■ About this task
The material below includes pictures; leave them out and return only the lines between the line containing "Ikke valgt, dusty pink" and the line containing "profile picture", inclusive, word for word.

■ Raw data
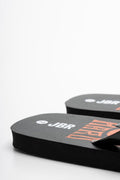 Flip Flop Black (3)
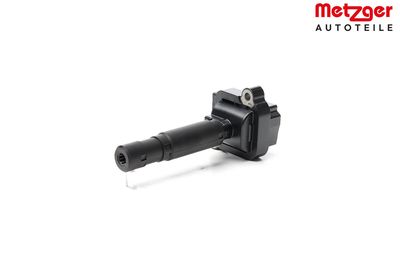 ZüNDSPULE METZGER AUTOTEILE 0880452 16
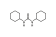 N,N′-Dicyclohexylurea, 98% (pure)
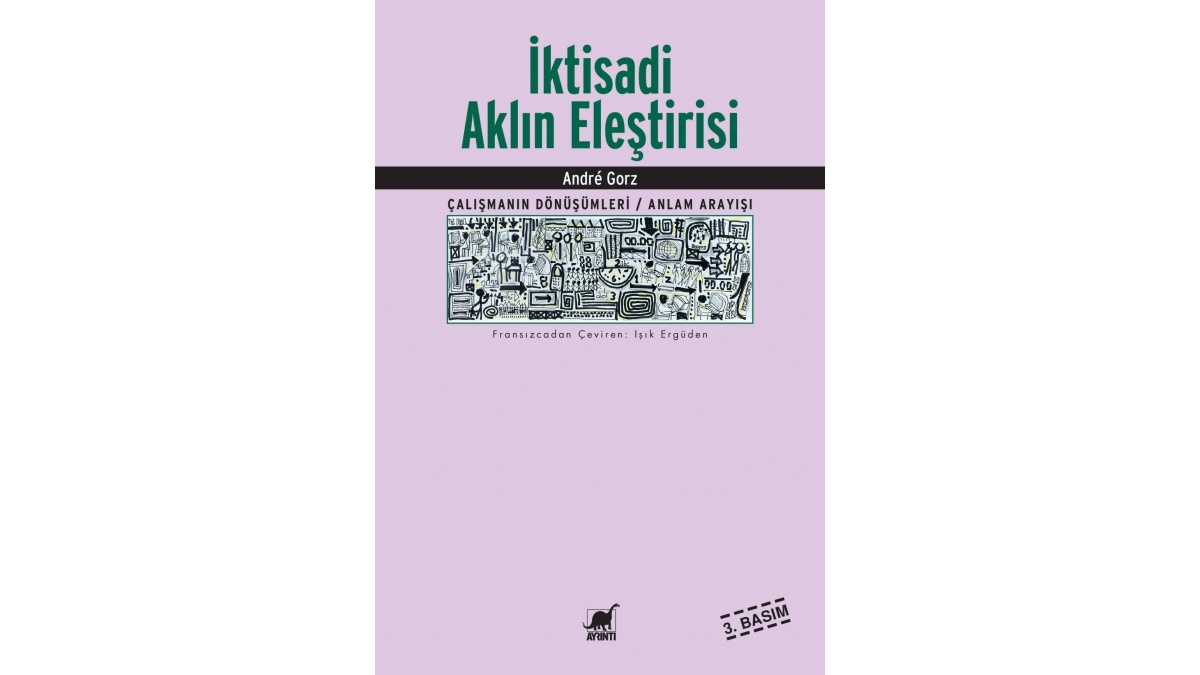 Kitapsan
...
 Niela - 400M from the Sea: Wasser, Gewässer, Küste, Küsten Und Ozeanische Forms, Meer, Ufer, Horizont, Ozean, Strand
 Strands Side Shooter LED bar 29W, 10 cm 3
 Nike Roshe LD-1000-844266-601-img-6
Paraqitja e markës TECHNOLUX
* * *
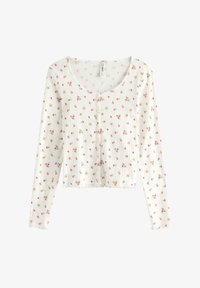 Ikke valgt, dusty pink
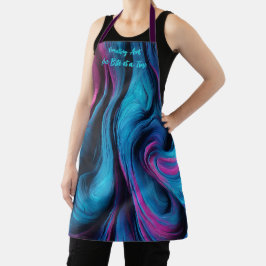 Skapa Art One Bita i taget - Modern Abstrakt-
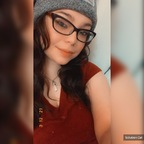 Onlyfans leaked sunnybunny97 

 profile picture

■ Solution
 Ikke valgt, dusty pink
 Skapa Art One Bita i taget - Modern Abstrakt-
 Onlyfans leaked sunnybunny97 

 profile picture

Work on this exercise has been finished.